The problem you're having is how the players are behaving during play - they giggle, they group-think, they duck responsibility - not what they're having their characters do, right? Their characters could do the exact same things to the exact same people and you'd be just fine, if only the players approached the process with, I dunno, some gravity or something - is that right?

-Vincent

That's... almost right. I'm seeing signs (I believe) that at the points where I want them to immerse the most, to be caught up in their characters' moral troubles, they withdraw. In a few cases, it's been sort of "Hey, look what extreme things I can make my character say!", instead of "Shit... Listen to me, I'm saying these extreme things."
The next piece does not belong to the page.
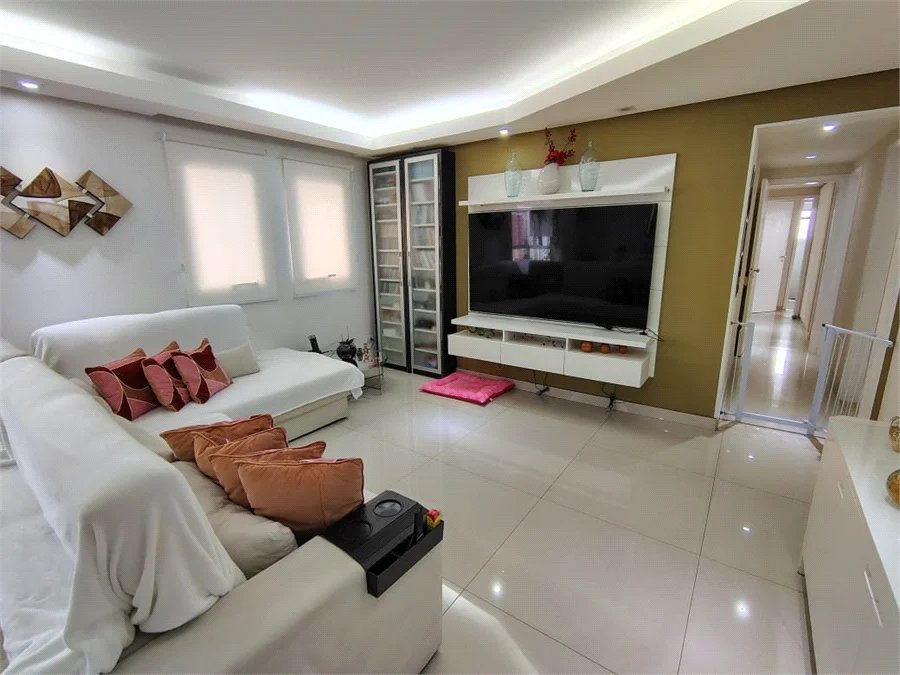 Apartamento à venda com 4 quartos, sendo 3 suítes, em Jardim Londrina, São Paulo, SP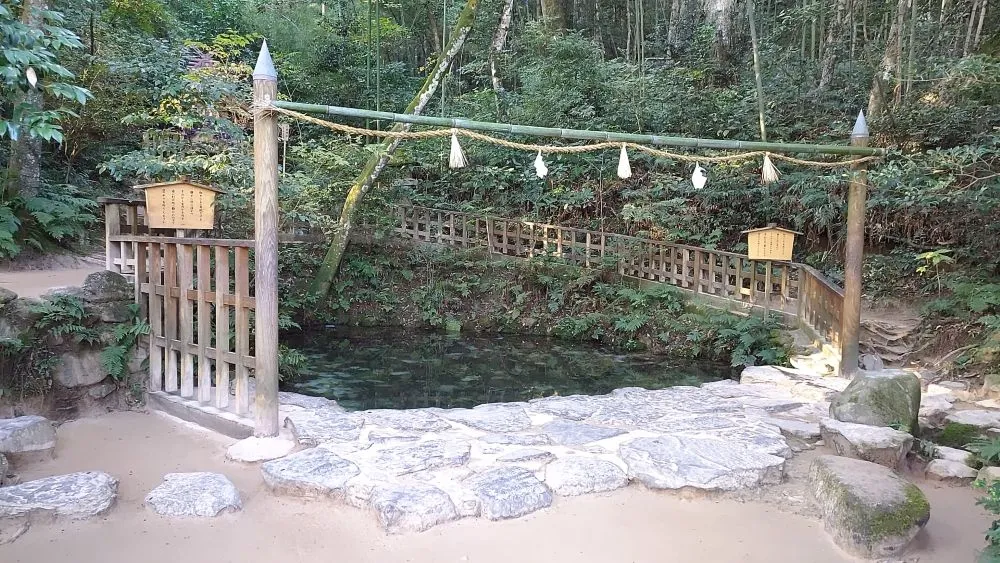 八重垣神社（鏡の池）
(Ivan, I'll come back to your comments, you may have some points there).

lumpley

More information-gathering: why do your players want to play Dogs in the Vineyard? What jazzes them about it?

-Vincent

matthijs

Different stuff for different players. The conflict system got some of them hooked - the way raises etc. build up dramatic tension. But I believe the judgement part of it is a major factor for most of them. We've focused on that, but haven't always had the time at the end of the evening to actually role-play it. The feeling of power, and being allowed to play totally black/white-viewpoint characters, seems to be part of it. But honestly, I haven't asked them, so I'm guessing.

matthijs

Ivan - I reread your post. No, I'm _very_ up front and explicit about the players having defining power. I've said it in so many words several times. "You decide what the faith is. It's your call." To which they sometimes reply, "yes, but mormonism is such and such, and the mores of the time was such and such, and it wouldn't feel realistic to play with modern-day sensibilities".

Vaxalon

matthijs, If the players want to play with synthetic morals derived from their knowledge of real world morals of the time, let them.  They're just getting a little sim in your nar, that's all.
"In our game the other night, Joshua's character came in as an improvised thing, but he was crap so he only contributed a d4!"
                                     --Vincent Baker

Adam Dray

Maybe this will resolve itself over time. Escalate from town to town. Push them a bit.

"You killed 20 year-old Brother Absalom because he was sleeping with his older sister. Killed her too. Apparently their false doctrine spread to the next town and Sister Pertinence is sleeping with her older brother. Gonna kill them too? He's 19 and old enough to know better but she's only 8 years old."

Take what they do, escalate, and say, "Yeah, what about this?" Do that enough and maybe they'll start showing more of themselves as players.
Adam Dray / adam@legendary.org
Verge -- cyberpunk role-playing on the brink
FoundryMUSH - indie chat and play at foundry.legendary.org 7777

matthijs

Quote from: Adam Dray on April 20, 2006, 09:21:47 PMTake what they do, escalate, and say, "Yeah, what about this?" Do that enough and maybe they'll start showing more of themselves as players.

That's probably the way to go... give it some time. (Oh, and Vaxalon, you're right - the characters are theirs, after all).